Task item :: The result should be an exact copy of the entries below, free of pictures.

Material for this exercise ::
━━━━━━━━
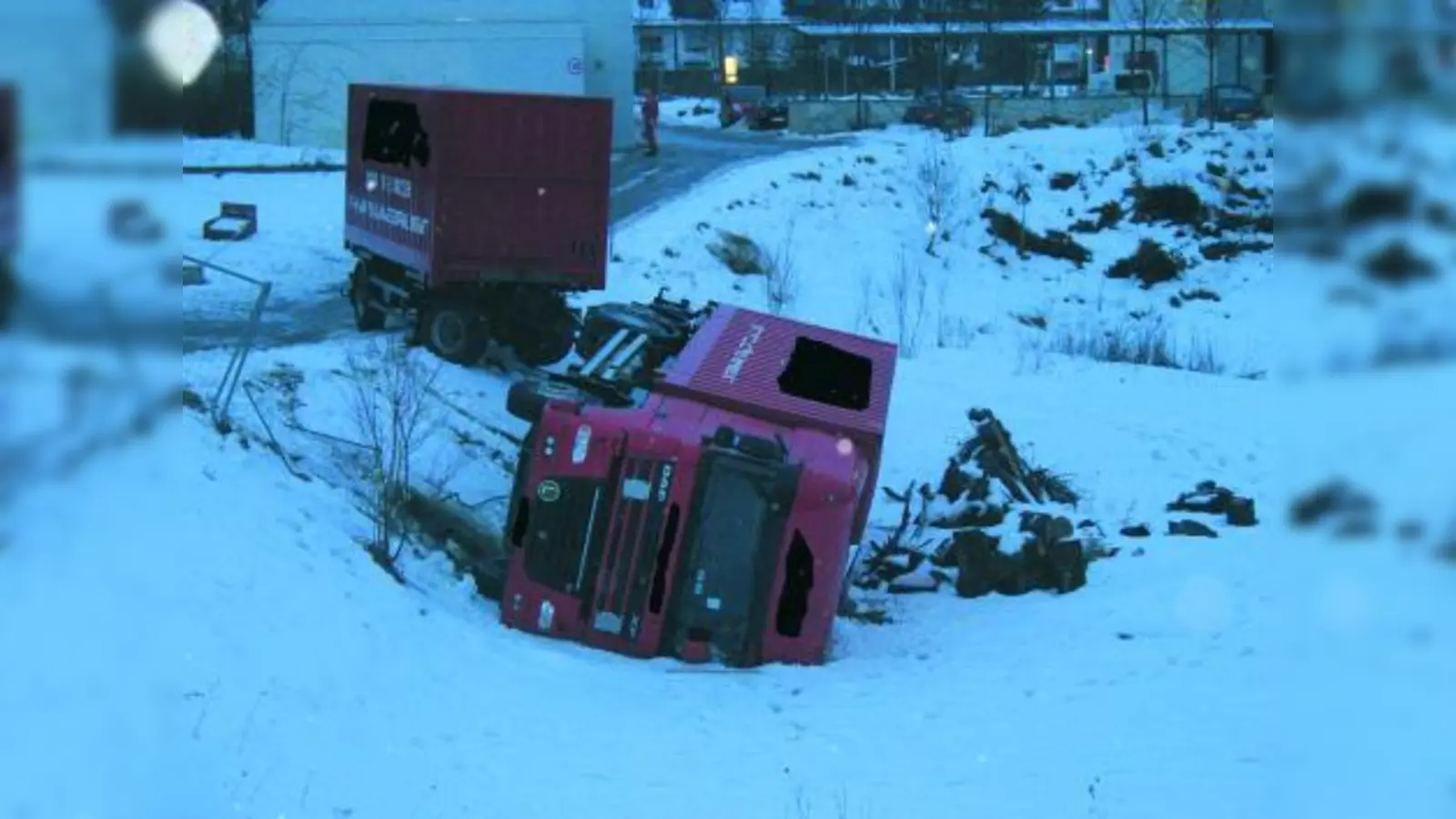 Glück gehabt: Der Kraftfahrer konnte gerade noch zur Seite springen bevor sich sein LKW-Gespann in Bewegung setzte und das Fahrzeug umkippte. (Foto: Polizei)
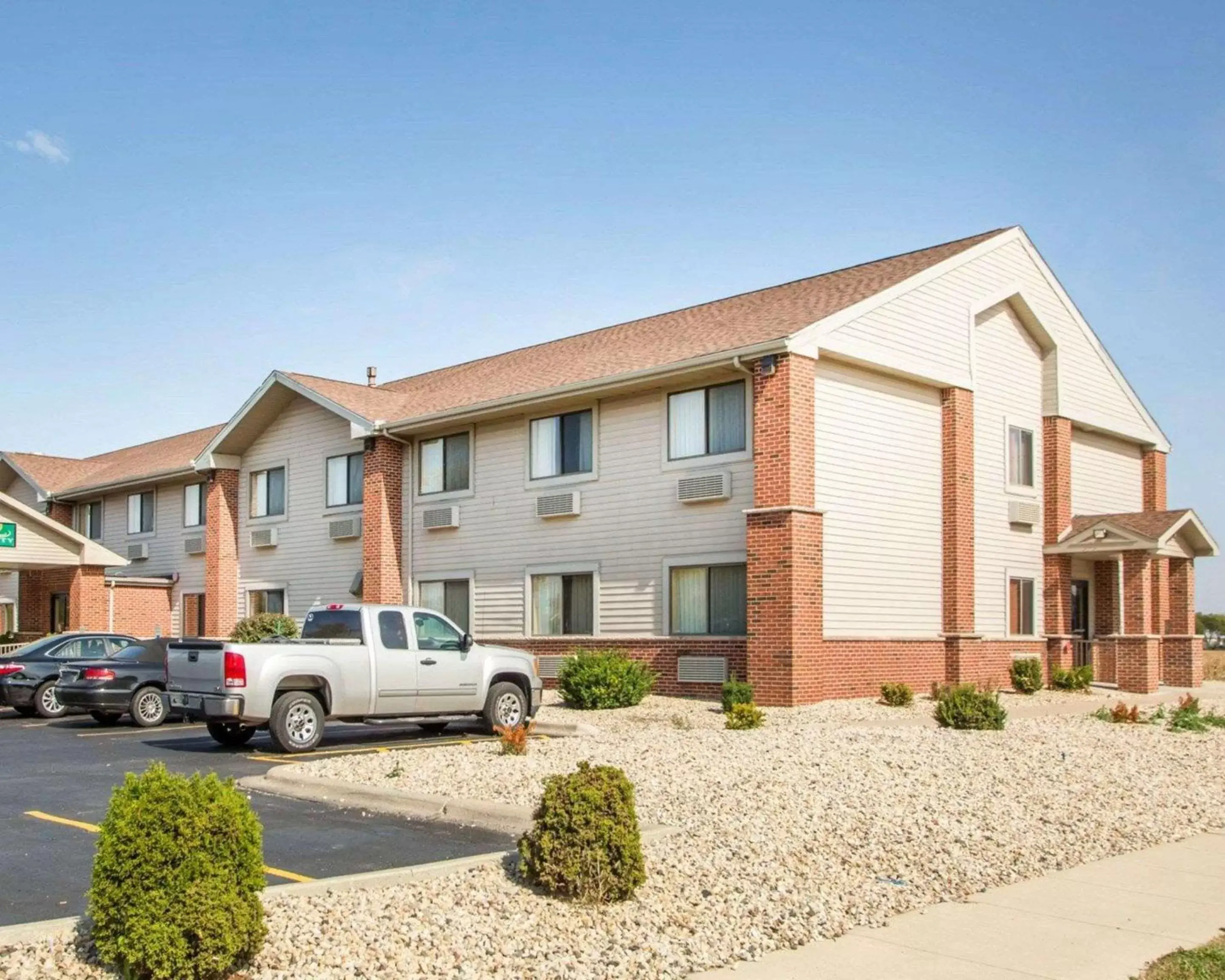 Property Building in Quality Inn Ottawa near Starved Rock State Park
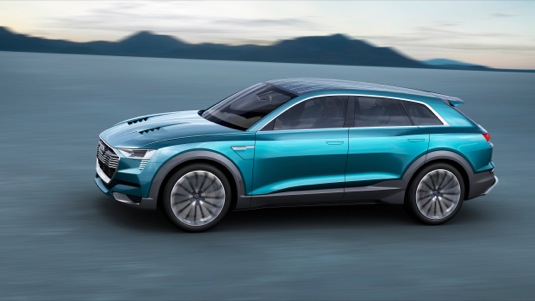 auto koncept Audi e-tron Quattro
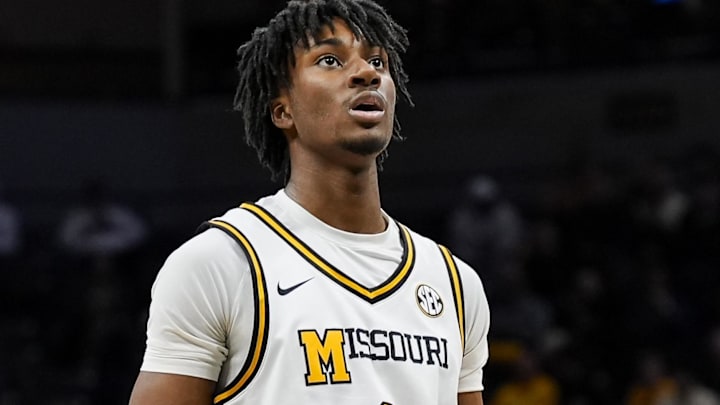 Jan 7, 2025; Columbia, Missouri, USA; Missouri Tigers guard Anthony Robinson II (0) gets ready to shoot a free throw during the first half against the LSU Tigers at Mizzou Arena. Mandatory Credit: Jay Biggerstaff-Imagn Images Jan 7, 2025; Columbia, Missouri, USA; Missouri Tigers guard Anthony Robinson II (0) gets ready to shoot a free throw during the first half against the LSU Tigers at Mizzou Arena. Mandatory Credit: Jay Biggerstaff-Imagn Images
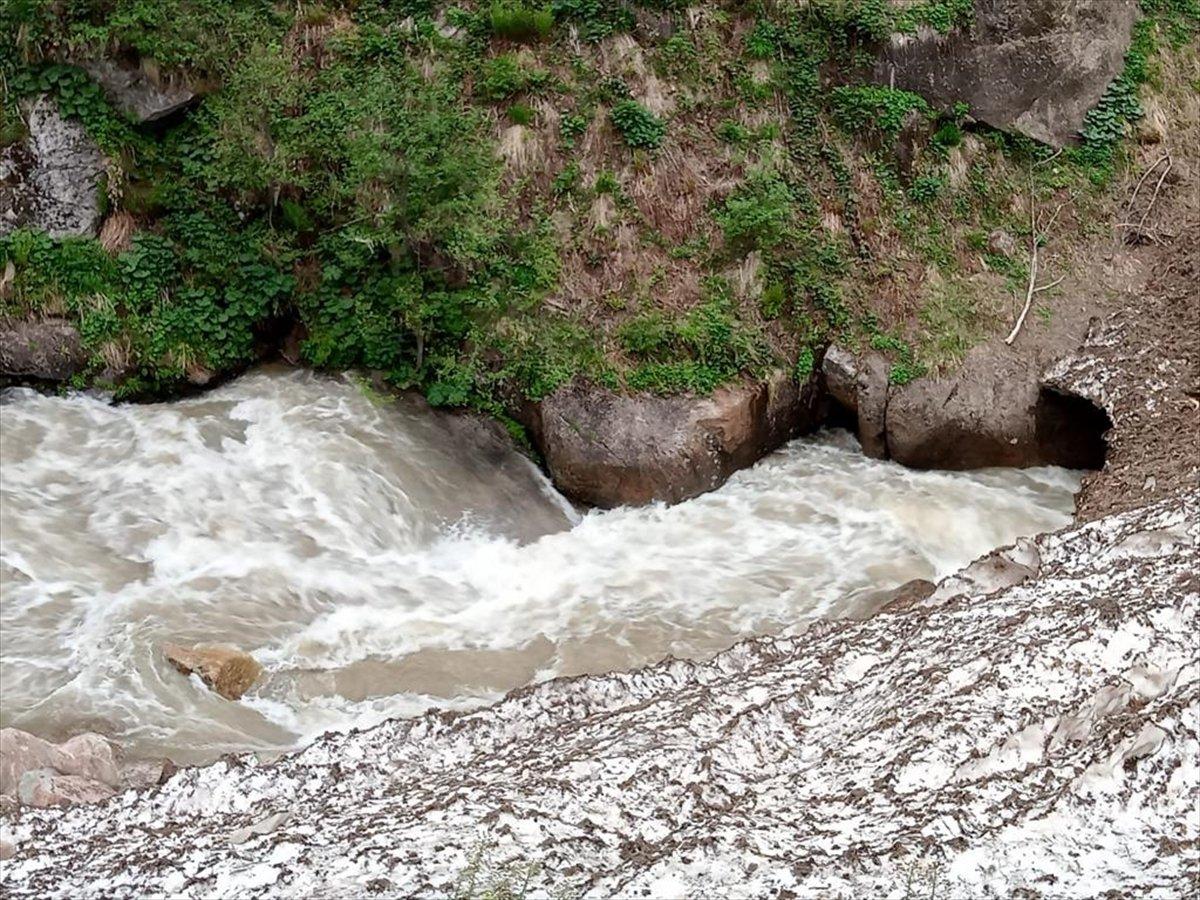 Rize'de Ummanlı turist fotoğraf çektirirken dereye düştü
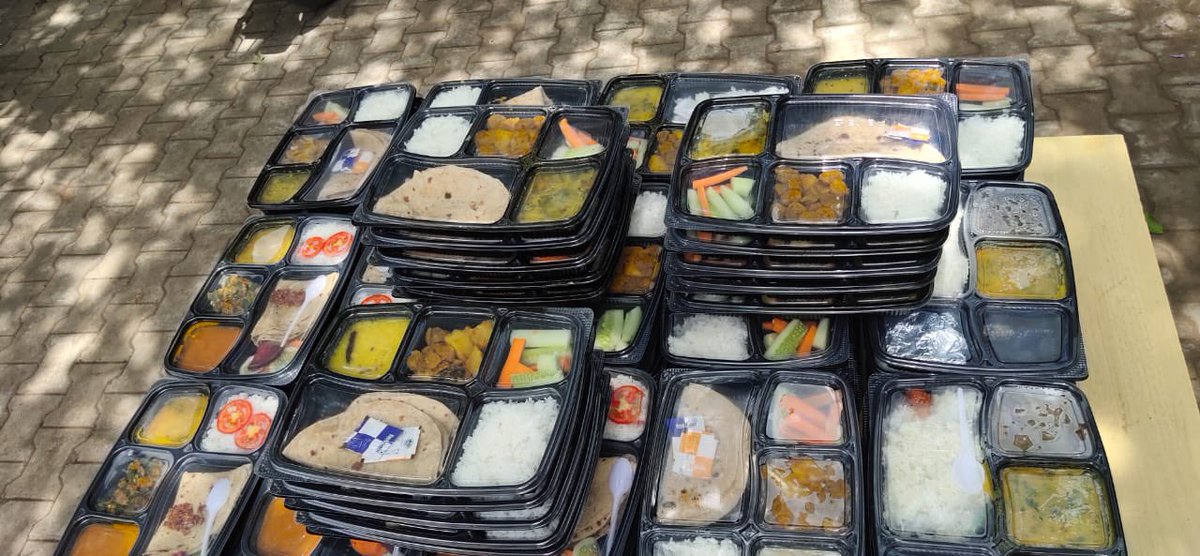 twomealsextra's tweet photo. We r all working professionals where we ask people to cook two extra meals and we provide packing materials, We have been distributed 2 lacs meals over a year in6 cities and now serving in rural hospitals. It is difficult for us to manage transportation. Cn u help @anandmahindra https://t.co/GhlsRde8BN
━━━━━━━━
Exercise answer ::
 Glück gehabt: Der Kraftfahrer konnte gerade noch zur Seite springen bevor sich sein LKW-Gespann in Bewegung setzte und das Fahrzeug umkippte. (Foto: Polizei)
 Property Building in Quality Inn Ottawa near Starved Rock State Park
 auto koncept Audi e-tron Quattro
 Jan 7, 2025; Columbia, Missouri, USA; Missouri Tigers guard Anthony Robinson II (0) gets ready to shoot a free throw during the first half against the LSU Tigers at Mizzou Arena. Mandatory Credit: Jay Biggerstaff-Imagn Images Jan 7, 2025; Columbia, Missouri, USA; Missouri Tigers guard Anthony Robinson II (0) gets ready to shoot a free throw during the first half against the LSU Tigers at Mizzou Arena. Mandatory Credit: Jay Biggerstaff-Imagn Images
 Rize'de Ummanlı turist fotoğraf çektirirken dereye düştü
 twomealsextra's tweet photo. We r all working professionals where we ask people to cook two extra meals and we provide packing materials, We have been distributed 2 lacs meals over a year in6 cities and now serving in rural hospitals. It is difficult for us to manage transportation. Cn u help @anandmahindra https://t.co/GhlsRde8BN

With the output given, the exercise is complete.